◆ Record set:
______________________________
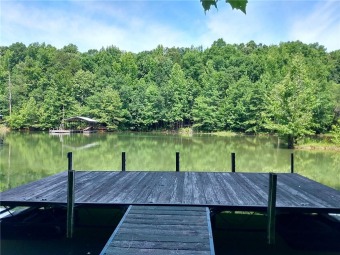 Great opportunity to build on an affordable lakefront lot in a on The Trail At Chickasaw Pointe in South Carolina - for sale on GolfHomes.com, golf home, golf lot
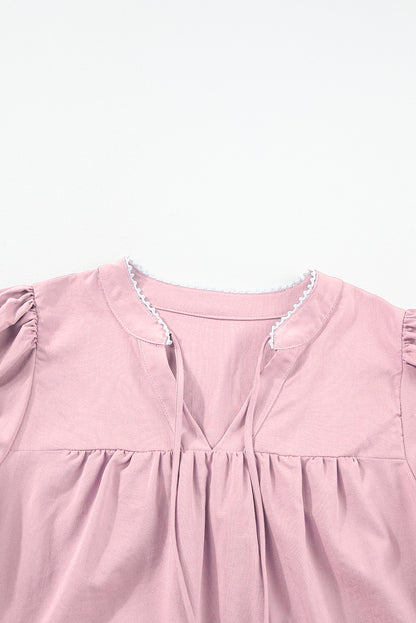 Roze bloemen geborduurde blouse met split aan de hals en pofmouwen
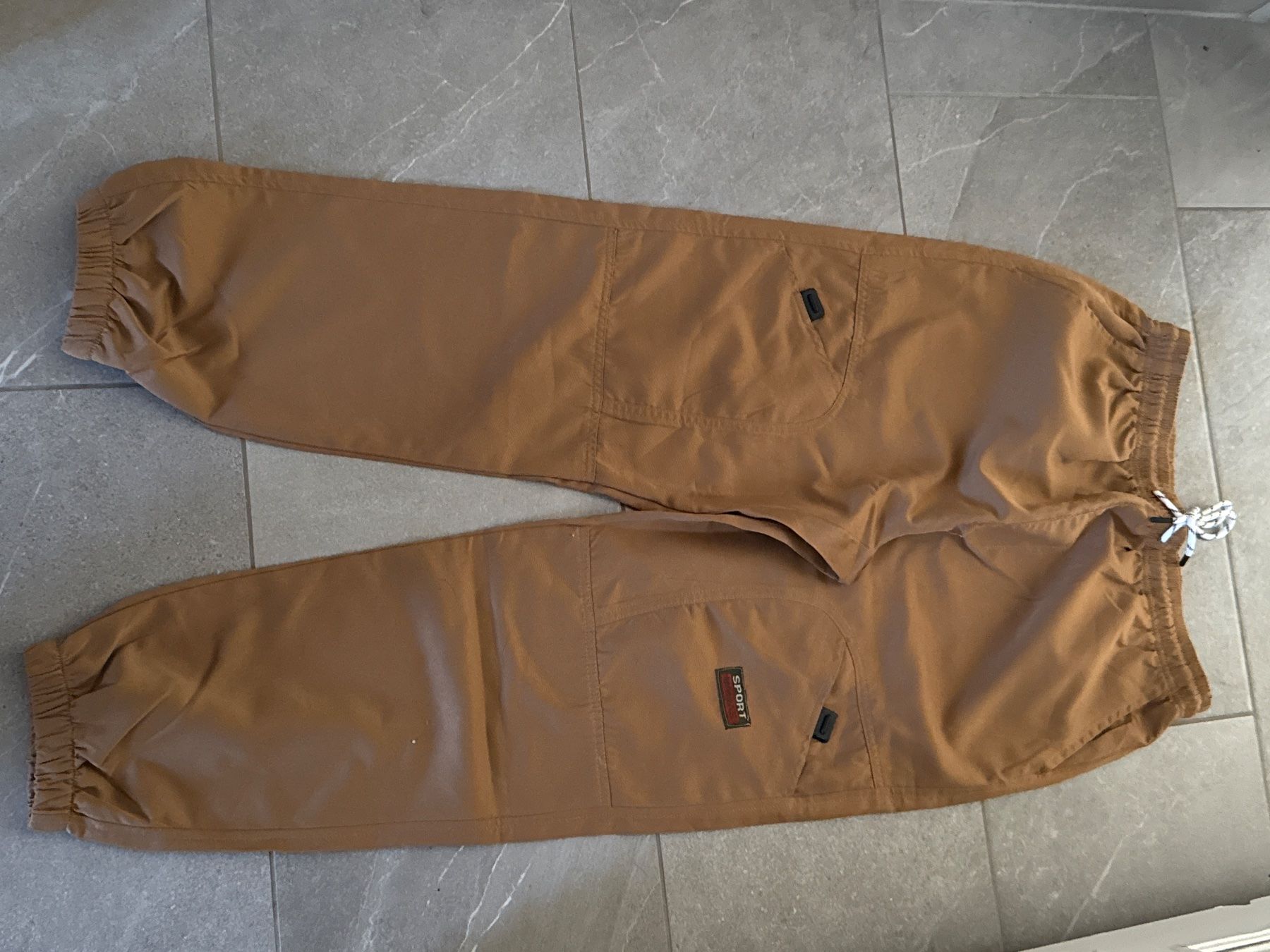 Shein Pantaloni: Herren Hosen NEU, M – Nuovo (secondo la descrizione) da Amriswil venduto da used2use
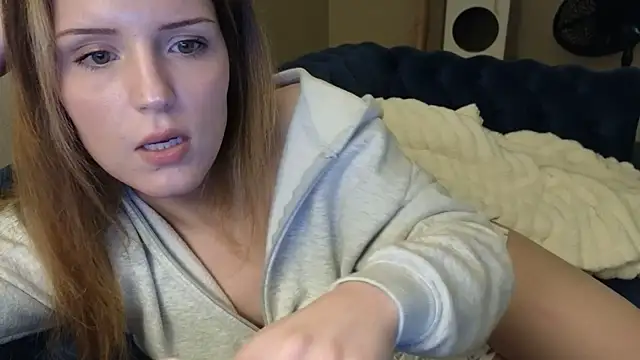 Snapshot of sexylilly69 chatting on April 6, 2026, 4:30 am sexylilly69 online show from April 6, 2026, 4:30 am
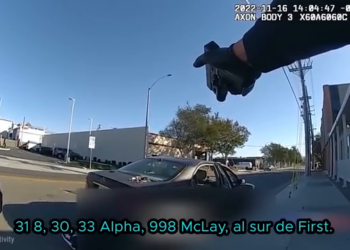 T0304005 Cuando Un Policía Se Da Cuenta De Que Ha part2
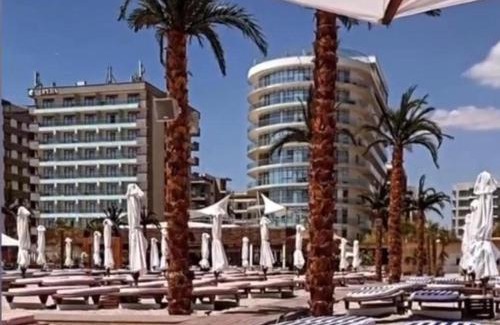 Jibert Apartment | White Luxury Apartament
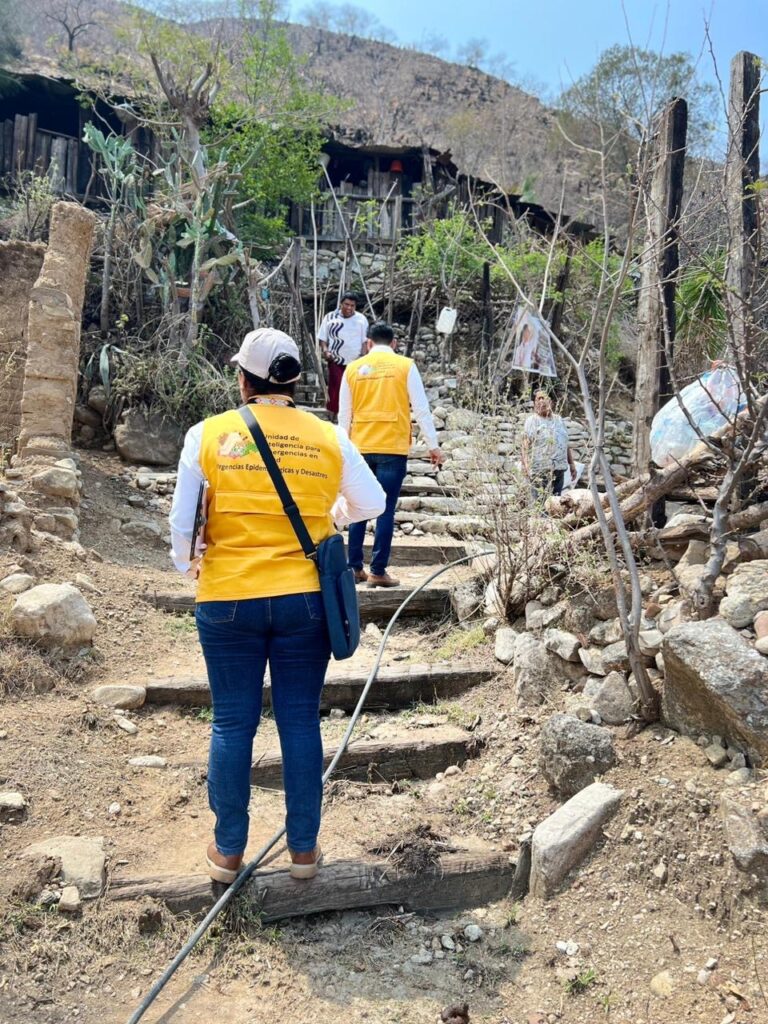 Brindan atención a personas afectadas por lluvias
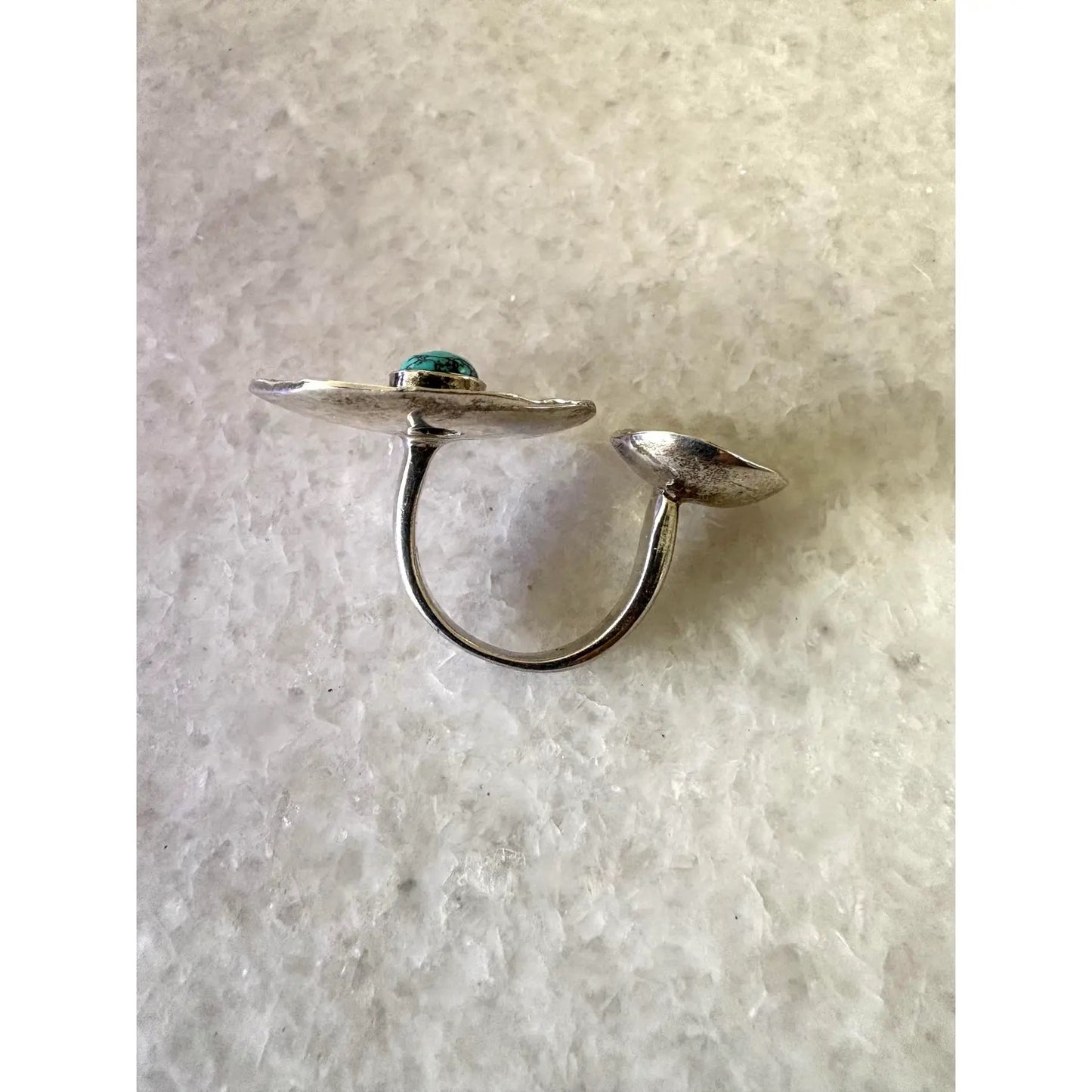 Anillo modernista de plata de ley y turquesa, de Hans Gehrig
______________________________
◆ Problem details:
Everything from the line with "Snapshot of sexylilly69" through the last line of the listing above is to be copied exactly, both ends included, except the pictures.

◆ Solution for this problem:
 Snapshot of sexylilly69 chatting on April 6, 2026, 4:30 am sexylilly69 online show from April 6, 2026, 4:30 am
 T0304005 Cuando Un Policía Se Da Cuenta De Que Ha part2
 Jibert Apartment | White Luxury Apartament
 Brindan atención a personas afectadas por lluvias
 Anillo modernista de plata de ley y turquesa, de Hans Gehrig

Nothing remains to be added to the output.